# Форум на русском языке  > Угрозы информационной безопасности  > Спам и мошенничество в сети  >  За один день несколько писем от сбербанка

## Dmitry314

Добрый день! Сегодня за один день пришло несколько писем на личную электронную почту от якобы сбербанка. Открывать ссылки я соответственно не стал. Одна из рассылок вообще интересная-с кучей адресов в копии. Такое впечатление, что дилетант занимается рассылкой вирусов. Почитал форумы - именно такого не увидел. Если здесь есть специалист, способный посмотреть что это за вирусы и от кого-скиньте пожалуйста электронный адрес на который можно переслать данные письма. Интересует что за вирус и по возможности трассировка - откуда прилетело (может и не сообразил отправитель "спрятать" реальный ай пи). Заранее спасибо и хорошего вечера!

----------

Надоело быть жертвой? Стань профи по информационной безопасности, получай самую свежую информацию об угрозах и средствах защиты от ведущего российского аналитического центра Anti-Malware.ru:

----------


## olejah

Добрый день!

Скорее всего, там просто фишинговые ресурсы, которые собирают учетные данные. Но можно и подробнее посмотреть: [email protected]

----------

Dmitry314

----------


## Dmitry314

Добрый день! Отправил Вам на почту два типовых письма. Посмотрите пожалуйста. Такие продолжают приходить по 1-2 письма в день.

----------


## olejah

Как ожидалось - ресурсы-разводилы. Первый ("поэтапно точка рф") довольно примитивен, при заходе редиректит на 48fb6[.]pro. Пытается замаскироваться под акцию от Сбербанка. Просит ввести данные.

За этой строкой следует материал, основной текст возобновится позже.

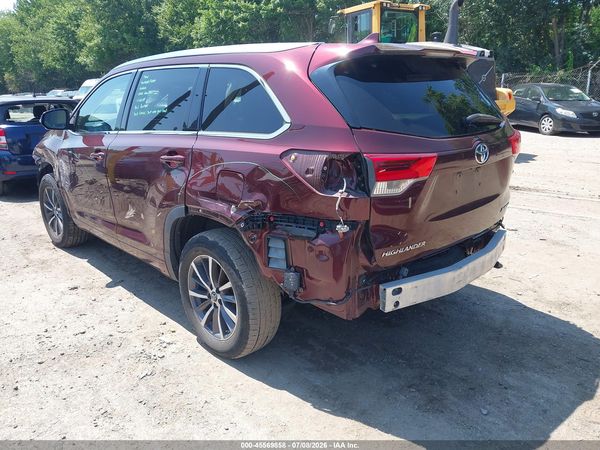 2018 TOYOTA HIGHLANDER XLE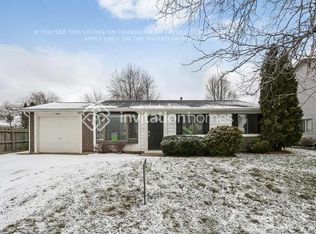 830 Bloomfield Ln, Aurora, IL 60504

Видимо, что-то у них там не до конца проработано. Я ввел имя "Пиня Гоффман", после этого мошеннический ресурс отредиректил меня на главную страницу Google. Скриншоты прилагаю.

Ресурс из второго письма аналогичен.

----------

Dmitry314

----------


## Dmitry314

Спасибо! Теперь всё понятно. По крайней мере, это не вирус мне закинуть хотели. Насторожило то, что "долбят" по почте ежедневно. Ещё раз спасибо и с наступающим!

----------


## olejah

*Dmitry314*, упомянул ваш случай в новости, если вы не против - https://www.anti-malware.ru/news/2018-12-26-1447/28450  :Smiley:

----------

Dmitry314

----------


## Dmitry314

Без проблем! С наступающими праздниками!

----------


## Dmitry314

Добрый день! Подниму ещё раз эту тему. Подскажите пожалуйста, как можно избавиться от получения подобного рода рассылок. Завалили мне всю почту, хотя пользуюсь ей исключительно в личных=рабочих целях и нигде её сильно не высвечиваю, где попало не регистрируюсь. Фильтры настроены, но 50% в спам не попадает. Сменить адрес почты тоже не могу. Заранее спасибо за ответ.

----------


## Зинка

Уважаемый *olejah*, 

А можно - я тоже на Ваш мэйл перешлю письмо от Гугла, про которое писала ?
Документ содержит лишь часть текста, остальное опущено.